Raw data:
>>>

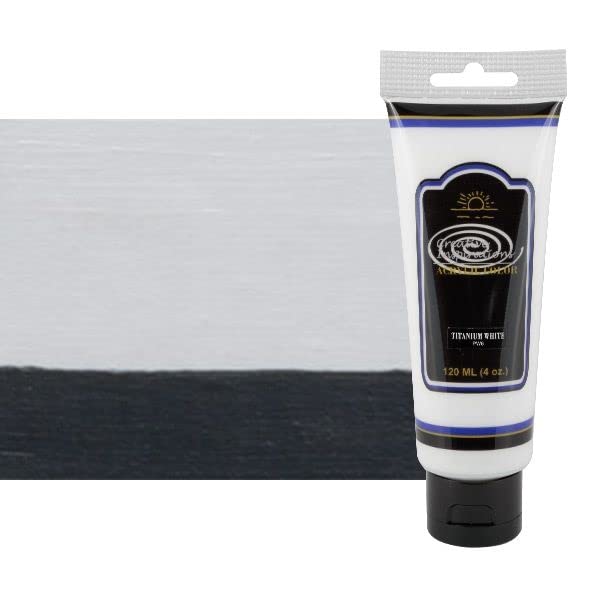 Titanium White Acrylic Paint - 120 mL Tube - Smooth & Creamy Consistency, Vibrant Pigments, High Coverage for Artists - Easy Cleanup with Soap & Water - Perfect for Canvas Painting, DIY Crafts & Home Decor Projects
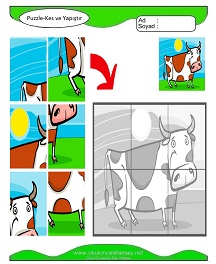 Puzzle Kes Yapıştır Çalışma Sayfaları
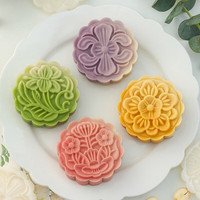 慕质(MUZHI)月饼模具手压式家用绿豆糕压花磨具冰皮月饼点心糕点烘焙模型2023 75g四季繁花(4片)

<<<

What to do:
The full listing, transcribed exactly and without its pictures, is the expected result.

Completed exercise:
 Titanium White Acrylic Paint - 120 mL Tube - Smooth & Creamy Consistency, Vibrant Pigments, High Coverage for Artists - Easy Cleanup with Soap & Water - Perfect for Canvas Painting, DIY Crafts & Home Decor Projects
 Puzzle Kes Yapıştır Çalışma Sayfaları
 慕质(MUZHI)月饼模具手压式家用绿豆糕压花磨具冰皮月饼点心糕点烘焙模型2023 75g四季繁花(4片)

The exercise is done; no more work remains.